Elbow method and silhouette method are not alternatives rather they are used together to find the optimal value of k confidently.

I've specifically chosen this wine data, because of its attributes. K-Means Clustering only works for purely numerical data. If we use Kmeans + one hot encoding it will increase the size of the dataset extensively if the categorical attributes have a large number of categories. This will make the Kmeans computationally costly.

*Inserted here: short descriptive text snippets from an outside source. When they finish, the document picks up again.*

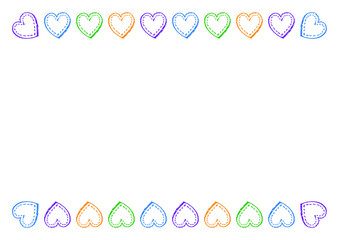 F_a3H_색연필 손그림 하트 프레인_화이트데이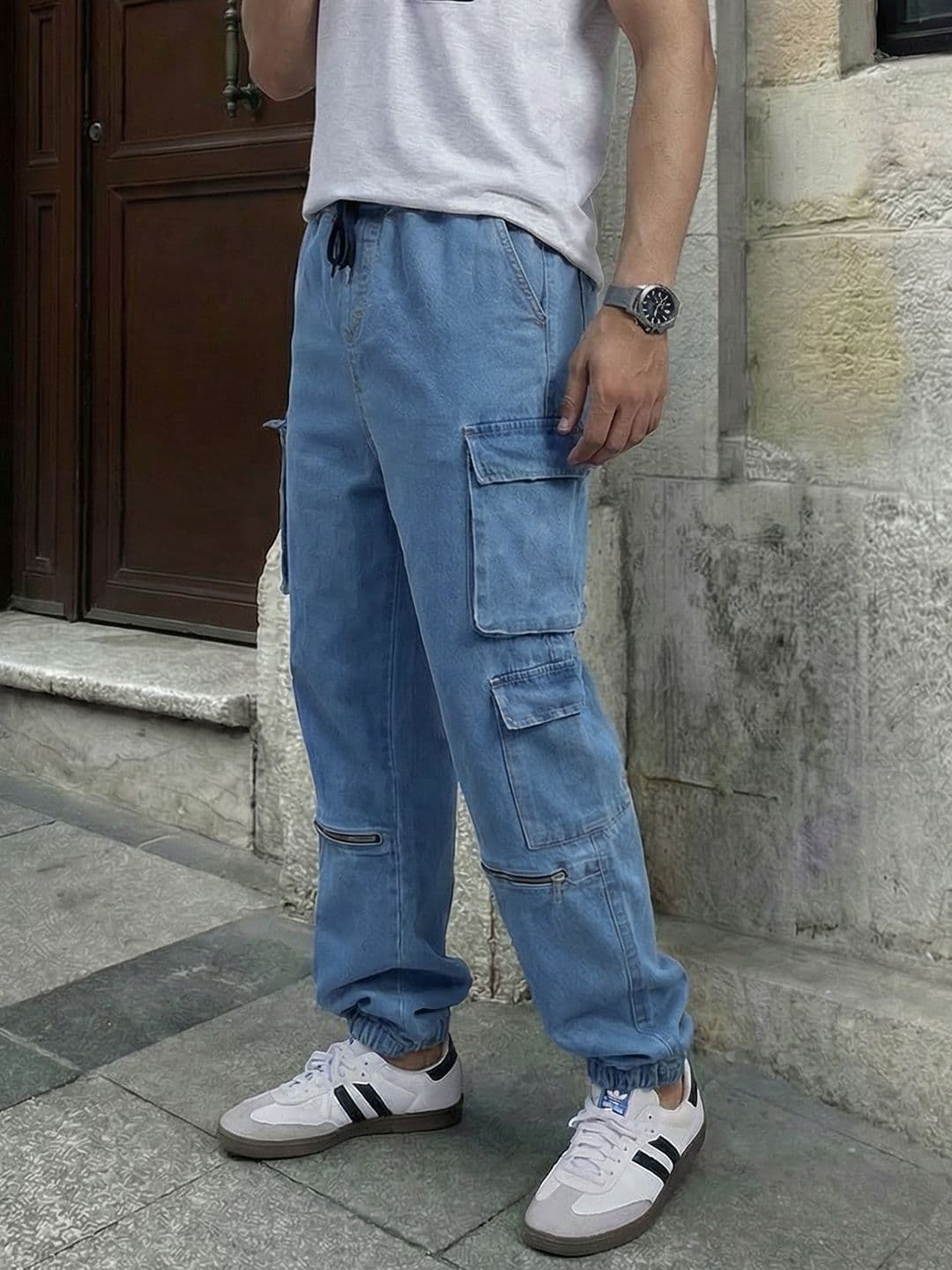 The Roadster Life Co. Men Zip Detail Jogger Fit Jeans - view 1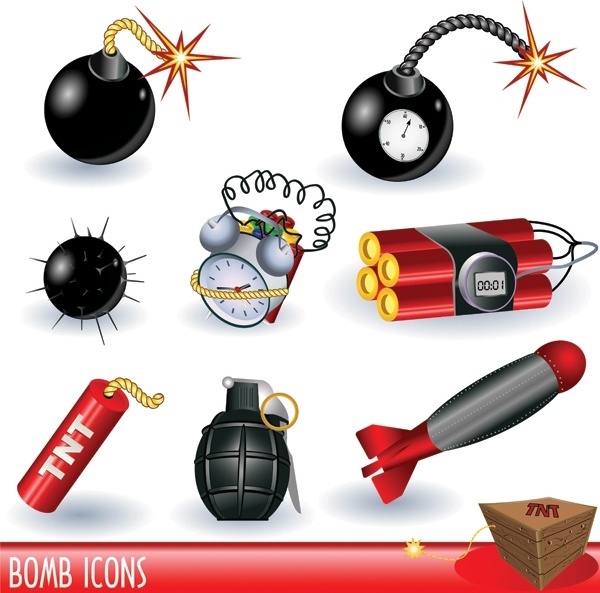 bombs landmines series vector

Also, the cluster means will make no sense since the 0 and 1 are not the real values of the data. 

For this notebook, what I'll try to do is to drop the customer segment column, and cluster the remaining data.

Now, let's get started!

## Data Preprocessing

In [None]:
import numpy as np
import pandas as pd
import matplotlib.pyplot as plt 
import seaborn as sns 
import plotly as py
import plotly.graph_objs as go
from sklearn.cluster import KMeans
import warnings
import os
warnings.filterwarnings("ignore")
py.offline.init_notebook_mode(connected = True)

### Import the Data

In [None]:
df = pd.read_csv('../input/wine-customer-segmentation/Wine.csv',sep = ",", header = 0)

##### Take a peek at the Dataset

In [None]:
df.head()

In [None]:
df.tail()

In [None]:
df.info()

##### Drop the Customer_Segment

In [None]:
df.drop('Customer_Segment', axis = 1, inplace = True)

In [None]:
df.describe()

### Check for Missing Values

In [None]:
df.info()
sns.set_palette("GnBu_d")
plt.title("Missingess Map")
plt.rcParams['figure.figsize'] = (8.0, 5.0)
sns.heatmap(df.isnull(), cbar=False)

##### There are no missing values

### Data Exploration

##### Pairplots

In [None]:
sns.set_palette("GnBu_d")
sns.pairplot(df)

##### Let's see if there are features that are highly correlated

In [None]:
plt.rcParams['figure.figsize'] = (15.0, 15.0)
plt.title("Correlation Plot")
sns.heatmap(df.corr())

##### Looks like Total_Phenlos and Flavanoids are correlated. We'll try to drop one of them to avoid multicollinearity issue in our clustering model

##### Let's confirm by looking at the Variance Inflation Factor

In [None]:
from statsmodels.stats.outliers_influence import variance_inflation_factor
from statsmodels.tools.tools import add_constant
df_numeric = add_constant(df)
VIF_frame = pd.Series([variance_inflation_factor(df_numeric.values, i) 
               for i in range(df_numeric.shape[1])], 
              index=df_numeric.columns).to_frame()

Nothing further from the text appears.